→ EXERCISE GOAL
The line with "十部史上最强的海战电影，重燃海上炼狱，谁才是海上真正的王者？", the line with "欧乐影院两步读法:提升阅读效率与理解力的高效秘诀 欧乐影", and all lines between them in the material below: return these exactly, and no others.

→ THE RECORDS
====
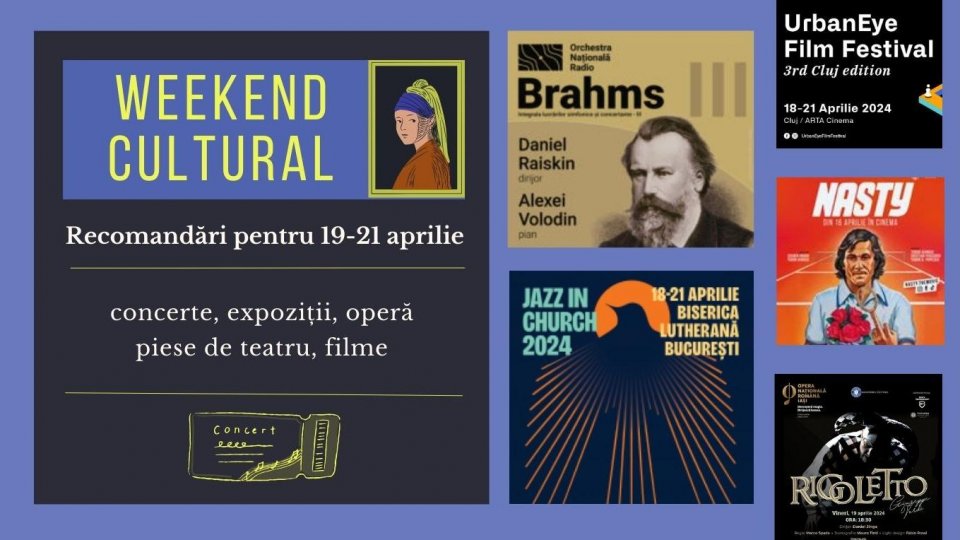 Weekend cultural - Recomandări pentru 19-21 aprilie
====
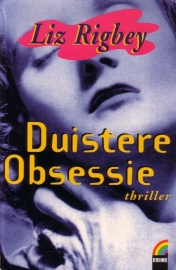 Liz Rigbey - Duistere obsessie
====
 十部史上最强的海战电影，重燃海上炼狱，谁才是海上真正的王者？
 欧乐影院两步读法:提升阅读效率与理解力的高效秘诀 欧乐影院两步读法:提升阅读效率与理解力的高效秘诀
====
→ WRITTEN ANSWER
 十部史上最强的海战电影，重燃海上炼狱，谁才是海上真正的王者？
 欧乐影院两步读法:提升阅读效率与理解力的高效秘诀 欧乐影院两步读法:提升阅读效率与理解力的高效秘诀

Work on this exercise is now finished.